When self-doubt comes creeping in, I tell the doubt that I don’t have the mental energy to entertain it. Often, that’s enough to stop it altogether.
Self-Doubt, Chronic Illness, and Mindfulness
The exercise of mindfulness is all well and good; you may be thinking to yourself. But what about my illness? Most of my doubt stems from my illness. My illness prevents me from that skydiving adventure I wanted to take since childhood. Or, I would love to start my own business, but I don’t have the energy to begin the planning process, let alone run a business.
There may be limitations your illness places on you, but have you taken the opportunity to find alternatives or workarounds? Or has your self-doubt gone only as far as stopping you from considering anything?
For myself, I allowed my MS and self-doubt stop me from even considering an alternative life path. I assumed I would wait for the inevitable, my MS getting so bad that I would be a burden on my family. I would never teach; I would never start a family; I wouldn’t make it past forty before my body broke down.
The moment I pushed my self-doubt aside when Ash and I decided to start a family, was the moment I started allowing myself to make alternative plans from the ones I had since childhood. My teaching evolved into this blog, and I am interested to hear what my GP has to say about my overall health. I know my neurologist is hugely impressed with my progress.
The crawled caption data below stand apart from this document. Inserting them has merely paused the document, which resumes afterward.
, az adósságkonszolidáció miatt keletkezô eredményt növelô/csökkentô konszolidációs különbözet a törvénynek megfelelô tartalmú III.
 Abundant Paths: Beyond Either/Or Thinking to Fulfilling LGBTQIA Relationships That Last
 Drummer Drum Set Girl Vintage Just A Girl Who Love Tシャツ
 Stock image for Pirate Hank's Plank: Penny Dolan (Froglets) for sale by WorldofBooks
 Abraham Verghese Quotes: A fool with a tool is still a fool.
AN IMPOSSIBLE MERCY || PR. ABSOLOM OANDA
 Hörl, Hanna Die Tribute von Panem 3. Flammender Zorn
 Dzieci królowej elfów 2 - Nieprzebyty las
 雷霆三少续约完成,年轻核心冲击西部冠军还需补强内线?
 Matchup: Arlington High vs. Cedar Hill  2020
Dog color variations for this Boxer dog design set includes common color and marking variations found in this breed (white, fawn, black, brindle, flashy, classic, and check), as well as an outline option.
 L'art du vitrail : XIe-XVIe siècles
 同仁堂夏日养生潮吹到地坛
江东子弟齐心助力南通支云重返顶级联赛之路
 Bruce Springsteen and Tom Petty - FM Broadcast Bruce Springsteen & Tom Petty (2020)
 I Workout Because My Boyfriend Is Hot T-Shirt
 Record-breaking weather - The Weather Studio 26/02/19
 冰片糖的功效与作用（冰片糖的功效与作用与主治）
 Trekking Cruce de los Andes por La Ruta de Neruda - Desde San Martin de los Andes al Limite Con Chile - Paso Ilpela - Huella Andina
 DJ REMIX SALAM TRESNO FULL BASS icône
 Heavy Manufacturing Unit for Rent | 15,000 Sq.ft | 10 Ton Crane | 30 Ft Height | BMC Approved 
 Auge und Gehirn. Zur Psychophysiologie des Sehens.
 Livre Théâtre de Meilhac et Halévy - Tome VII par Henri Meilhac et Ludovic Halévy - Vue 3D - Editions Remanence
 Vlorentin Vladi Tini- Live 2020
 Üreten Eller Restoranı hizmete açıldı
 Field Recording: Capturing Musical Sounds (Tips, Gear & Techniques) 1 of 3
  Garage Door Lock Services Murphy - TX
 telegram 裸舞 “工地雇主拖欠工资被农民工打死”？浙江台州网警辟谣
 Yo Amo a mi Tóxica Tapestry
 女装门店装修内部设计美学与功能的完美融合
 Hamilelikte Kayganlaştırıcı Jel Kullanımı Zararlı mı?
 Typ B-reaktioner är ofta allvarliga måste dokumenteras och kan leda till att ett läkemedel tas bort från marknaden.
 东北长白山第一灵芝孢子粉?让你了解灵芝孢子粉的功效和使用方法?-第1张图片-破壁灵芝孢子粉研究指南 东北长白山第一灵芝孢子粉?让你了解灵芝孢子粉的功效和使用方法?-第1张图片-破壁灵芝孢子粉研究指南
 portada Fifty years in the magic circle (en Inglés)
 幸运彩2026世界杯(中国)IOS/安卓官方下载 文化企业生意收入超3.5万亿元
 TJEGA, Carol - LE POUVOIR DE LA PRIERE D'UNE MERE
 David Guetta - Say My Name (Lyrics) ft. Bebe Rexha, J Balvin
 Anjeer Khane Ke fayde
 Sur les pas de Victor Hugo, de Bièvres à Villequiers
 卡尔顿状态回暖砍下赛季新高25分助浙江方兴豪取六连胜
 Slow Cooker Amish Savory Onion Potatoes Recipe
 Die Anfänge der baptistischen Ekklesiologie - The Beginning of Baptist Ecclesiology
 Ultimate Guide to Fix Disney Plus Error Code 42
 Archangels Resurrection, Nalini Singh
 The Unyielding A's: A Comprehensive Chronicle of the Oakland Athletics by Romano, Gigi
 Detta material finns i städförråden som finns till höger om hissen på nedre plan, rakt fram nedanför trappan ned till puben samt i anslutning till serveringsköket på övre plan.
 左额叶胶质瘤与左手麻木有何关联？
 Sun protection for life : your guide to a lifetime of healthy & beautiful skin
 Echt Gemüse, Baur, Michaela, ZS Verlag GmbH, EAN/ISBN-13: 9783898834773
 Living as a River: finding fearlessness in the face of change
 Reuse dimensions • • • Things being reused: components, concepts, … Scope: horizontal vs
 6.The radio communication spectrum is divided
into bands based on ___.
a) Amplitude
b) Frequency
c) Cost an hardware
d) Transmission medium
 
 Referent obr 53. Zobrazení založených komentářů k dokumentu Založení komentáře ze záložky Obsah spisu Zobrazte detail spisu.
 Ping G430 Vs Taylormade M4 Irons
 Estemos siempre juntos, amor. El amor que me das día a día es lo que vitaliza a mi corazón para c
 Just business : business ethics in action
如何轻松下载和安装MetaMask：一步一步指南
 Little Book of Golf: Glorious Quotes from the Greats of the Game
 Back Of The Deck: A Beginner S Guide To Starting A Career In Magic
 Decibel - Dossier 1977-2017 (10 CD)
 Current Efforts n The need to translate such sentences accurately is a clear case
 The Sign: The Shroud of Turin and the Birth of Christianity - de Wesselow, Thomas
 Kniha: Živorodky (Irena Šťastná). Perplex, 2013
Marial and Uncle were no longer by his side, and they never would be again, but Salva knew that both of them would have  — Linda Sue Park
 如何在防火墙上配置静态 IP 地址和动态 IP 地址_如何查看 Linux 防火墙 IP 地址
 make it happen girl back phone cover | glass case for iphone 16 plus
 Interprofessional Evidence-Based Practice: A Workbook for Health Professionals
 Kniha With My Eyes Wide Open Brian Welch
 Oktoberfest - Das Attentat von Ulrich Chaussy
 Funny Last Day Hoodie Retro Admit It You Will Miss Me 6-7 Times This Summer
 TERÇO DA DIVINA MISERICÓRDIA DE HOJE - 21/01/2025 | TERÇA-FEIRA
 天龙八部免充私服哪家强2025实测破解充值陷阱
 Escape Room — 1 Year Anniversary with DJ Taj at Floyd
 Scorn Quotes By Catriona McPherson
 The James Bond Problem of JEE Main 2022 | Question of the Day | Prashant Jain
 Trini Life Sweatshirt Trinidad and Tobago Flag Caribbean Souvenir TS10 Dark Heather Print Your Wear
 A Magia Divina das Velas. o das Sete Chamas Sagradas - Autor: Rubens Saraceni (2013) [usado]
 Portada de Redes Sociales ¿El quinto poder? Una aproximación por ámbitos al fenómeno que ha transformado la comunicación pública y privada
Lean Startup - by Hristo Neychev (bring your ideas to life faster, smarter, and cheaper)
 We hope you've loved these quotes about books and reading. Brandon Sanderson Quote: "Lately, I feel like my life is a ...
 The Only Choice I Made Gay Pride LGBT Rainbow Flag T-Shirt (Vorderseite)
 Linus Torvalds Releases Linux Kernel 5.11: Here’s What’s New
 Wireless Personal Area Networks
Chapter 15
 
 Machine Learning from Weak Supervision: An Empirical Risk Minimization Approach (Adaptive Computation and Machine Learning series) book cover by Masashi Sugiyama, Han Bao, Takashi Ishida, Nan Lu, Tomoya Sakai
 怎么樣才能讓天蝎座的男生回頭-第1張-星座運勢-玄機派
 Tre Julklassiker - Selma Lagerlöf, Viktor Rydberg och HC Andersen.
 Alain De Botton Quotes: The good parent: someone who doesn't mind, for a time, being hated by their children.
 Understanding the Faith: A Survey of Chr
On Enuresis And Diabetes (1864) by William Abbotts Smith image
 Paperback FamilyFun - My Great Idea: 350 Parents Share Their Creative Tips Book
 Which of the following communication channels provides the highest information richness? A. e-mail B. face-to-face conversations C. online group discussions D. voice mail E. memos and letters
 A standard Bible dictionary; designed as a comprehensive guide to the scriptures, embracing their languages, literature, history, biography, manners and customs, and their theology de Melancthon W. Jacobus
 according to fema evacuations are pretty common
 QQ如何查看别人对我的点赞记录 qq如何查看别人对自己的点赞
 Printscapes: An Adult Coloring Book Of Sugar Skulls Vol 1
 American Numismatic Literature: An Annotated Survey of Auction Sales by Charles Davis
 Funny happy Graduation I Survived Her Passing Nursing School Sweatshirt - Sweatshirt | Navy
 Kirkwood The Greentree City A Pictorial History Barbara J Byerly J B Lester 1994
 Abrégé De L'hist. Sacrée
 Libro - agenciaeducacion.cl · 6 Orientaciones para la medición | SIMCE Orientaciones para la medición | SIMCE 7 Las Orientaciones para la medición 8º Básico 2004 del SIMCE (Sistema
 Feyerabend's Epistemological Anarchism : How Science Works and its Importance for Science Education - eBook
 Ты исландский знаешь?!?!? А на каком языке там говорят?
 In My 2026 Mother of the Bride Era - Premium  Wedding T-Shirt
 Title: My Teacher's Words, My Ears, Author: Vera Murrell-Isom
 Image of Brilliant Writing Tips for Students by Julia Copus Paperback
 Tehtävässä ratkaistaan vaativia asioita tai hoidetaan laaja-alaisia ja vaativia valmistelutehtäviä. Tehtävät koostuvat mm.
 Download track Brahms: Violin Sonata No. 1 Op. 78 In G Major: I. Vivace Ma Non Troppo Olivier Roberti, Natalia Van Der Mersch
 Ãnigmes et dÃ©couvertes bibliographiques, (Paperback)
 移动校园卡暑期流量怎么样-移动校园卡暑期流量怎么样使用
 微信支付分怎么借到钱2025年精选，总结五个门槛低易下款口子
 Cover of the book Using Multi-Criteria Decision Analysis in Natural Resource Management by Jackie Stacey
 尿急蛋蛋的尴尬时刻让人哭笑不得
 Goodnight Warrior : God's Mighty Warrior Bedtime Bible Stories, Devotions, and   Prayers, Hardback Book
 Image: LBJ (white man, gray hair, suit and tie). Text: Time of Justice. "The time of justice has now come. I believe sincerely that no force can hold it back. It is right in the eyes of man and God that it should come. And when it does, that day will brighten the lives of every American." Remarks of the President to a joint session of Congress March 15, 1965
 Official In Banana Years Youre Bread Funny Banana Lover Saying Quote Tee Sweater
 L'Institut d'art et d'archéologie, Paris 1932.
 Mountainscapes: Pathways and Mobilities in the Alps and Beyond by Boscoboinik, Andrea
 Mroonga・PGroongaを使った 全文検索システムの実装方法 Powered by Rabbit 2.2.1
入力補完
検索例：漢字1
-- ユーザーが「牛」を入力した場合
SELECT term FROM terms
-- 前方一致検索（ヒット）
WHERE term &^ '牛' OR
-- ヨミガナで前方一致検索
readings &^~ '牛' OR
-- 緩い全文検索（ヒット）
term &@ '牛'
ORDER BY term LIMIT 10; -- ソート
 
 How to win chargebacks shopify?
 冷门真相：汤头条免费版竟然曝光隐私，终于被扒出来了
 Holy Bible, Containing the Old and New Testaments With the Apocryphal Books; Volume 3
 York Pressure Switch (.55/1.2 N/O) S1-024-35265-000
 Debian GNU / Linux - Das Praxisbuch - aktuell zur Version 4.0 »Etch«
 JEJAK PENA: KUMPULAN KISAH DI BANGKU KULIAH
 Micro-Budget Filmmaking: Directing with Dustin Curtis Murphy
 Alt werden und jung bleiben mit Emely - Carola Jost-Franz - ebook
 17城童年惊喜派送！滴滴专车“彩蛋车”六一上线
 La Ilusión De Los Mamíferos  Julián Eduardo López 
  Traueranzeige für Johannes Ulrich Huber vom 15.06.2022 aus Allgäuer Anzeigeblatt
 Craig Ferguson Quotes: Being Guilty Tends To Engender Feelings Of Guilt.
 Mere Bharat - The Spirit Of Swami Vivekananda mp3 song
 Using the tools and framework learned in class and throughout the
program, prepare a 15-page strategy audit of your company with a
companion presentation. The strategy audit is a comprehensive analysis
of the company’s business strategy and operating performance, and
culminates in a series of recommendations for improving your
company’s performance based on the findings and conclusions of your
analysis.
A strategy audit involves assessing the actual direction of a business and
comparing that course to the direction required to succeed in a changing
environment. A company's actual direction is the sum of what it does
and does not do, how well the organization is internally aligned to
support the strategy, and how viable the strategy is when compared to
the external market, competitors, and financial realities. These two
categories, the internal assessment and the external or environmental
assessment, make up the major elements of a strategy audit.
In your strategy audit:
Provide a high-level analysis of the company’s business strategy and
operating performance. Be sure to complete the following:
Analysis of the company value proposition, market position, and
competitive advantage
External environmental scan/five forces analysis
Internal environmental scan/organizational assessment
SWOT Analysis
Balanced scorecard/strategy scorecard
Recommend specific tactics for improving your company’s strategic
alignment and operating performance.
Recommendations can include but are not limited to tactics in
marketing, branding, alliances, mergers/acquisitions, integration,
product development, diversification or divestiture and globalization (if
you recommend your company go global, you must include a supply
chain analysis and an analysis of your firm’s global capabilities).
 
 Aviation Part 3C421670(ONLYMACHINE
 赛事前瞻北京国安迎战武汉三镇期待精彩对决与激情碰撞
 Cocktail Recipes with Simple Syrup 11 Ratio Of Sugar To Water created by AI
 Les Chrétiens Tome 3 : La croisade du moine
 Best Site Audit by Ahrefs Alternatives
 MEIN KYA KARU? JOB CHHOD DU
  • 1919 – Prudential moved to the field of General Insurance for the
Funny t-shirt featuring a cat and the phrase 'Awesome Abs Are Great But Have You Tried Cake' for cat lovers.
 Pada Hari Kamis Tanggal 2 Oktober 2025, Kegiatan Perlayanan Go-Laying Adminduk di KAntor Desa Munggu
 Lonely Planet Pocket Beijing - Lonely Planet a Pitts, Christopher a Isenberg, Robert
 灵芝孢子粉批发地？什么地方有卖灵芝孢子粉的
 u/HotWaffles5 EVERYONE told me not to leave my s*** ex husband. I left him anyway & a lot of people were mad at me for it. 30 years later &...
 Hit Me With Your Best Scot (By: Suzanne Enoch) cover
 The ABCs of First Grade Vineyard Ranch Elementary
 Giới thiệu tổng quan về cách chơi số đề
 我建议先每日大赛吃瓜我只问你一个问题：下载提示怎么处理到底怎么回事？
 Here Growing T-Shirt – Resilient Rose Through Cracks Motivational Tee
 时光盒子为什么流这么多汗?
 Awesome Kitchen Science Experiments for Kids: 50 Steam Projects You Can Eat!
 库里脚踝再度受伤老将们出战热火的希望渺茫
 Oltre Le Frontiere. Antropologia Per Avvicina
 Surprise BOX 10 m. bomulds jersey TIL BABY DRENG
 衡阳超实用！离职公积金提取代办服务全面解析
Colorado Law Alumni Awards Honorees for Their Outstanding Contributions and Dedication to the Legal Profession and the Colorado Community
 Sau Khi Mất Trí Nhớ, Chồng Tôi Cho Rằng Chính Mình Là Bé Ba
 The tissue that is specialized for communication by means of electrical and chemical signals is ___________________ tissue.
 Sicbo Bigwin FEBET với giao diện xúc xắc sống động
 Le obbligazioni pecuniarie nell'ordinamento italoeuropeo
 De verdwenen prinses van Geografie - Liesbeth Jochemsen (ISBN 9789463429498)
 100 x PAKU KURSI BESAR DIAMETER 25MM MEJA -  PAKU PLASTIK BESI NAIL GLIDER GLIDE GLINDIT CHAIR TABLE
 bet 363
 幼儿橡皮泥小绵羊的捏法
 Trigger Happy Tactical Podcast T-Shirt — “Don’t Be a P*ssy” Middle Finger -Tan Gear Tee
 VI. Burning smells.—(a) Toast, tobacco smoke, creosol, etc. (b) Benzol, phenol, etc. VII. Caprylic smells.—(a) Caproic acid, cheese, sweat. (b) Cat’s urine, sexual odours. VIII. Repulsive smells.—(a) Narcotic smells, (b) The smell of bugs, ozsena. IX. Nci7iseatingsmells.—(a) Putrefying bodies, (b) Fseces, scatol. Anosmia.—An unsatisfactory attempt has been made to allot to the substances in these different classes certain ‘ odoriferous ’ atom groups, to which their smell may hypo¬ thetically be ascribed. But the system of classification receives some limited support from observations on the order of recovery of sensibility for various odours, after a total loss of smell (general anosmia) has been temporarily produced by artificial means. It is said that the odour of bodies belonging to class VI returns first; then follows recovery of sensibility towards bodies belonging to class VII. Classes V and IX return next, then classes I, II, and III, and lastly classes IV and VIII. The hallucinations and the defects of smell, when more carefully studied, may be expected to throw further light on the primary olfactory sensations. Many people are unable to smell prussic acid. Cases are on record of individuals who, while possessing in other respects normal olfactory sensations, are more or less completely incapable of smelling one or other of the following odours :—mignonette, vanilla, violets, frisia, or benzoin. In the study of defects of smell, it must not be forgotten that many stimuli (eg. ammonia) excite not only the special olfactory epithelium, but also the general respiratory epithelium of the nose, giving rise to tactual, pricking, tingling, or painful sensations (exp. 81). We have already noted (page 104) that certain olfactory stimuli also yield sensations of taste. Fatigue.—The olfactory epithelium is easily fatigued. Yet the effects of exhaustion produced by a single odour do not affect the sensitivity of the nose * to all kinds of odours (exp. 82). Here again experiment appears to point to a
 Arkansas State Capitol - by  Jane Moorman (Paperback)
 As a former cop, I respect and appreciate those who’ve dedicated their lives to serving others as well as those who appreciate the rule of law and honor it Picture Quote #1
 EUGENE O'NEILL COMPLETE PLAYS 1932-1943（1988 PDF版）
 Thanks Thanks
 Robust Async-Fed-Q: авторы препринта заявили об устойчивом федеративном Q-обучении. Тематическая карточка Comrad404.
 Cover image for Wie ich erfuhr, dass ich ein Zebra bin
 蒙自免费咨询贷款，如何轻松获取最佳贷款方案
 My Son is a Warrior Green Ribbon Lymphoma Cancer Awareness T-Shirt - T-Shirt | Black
Your journey will not look like mine, but it may take you in a similar direction to the one you envisioned for yourself. You may decide to work towards that skydiving dream regardless of your illness. In the process of preparing for it, you may find a useful alternative that gives you the same freedom you were looking for in the first dream.
Or you may not officially start a brick-and-mortar business, but able to sustain freelance work in the field of your choice.
You need to take a moment, focus on where you are right now in life and illness, and decide what you are capable of doing right now , rather than what you may not be capable of doing down the road. The answer and result may surprise you. Hopefully, it will be like my answer: better than I expected.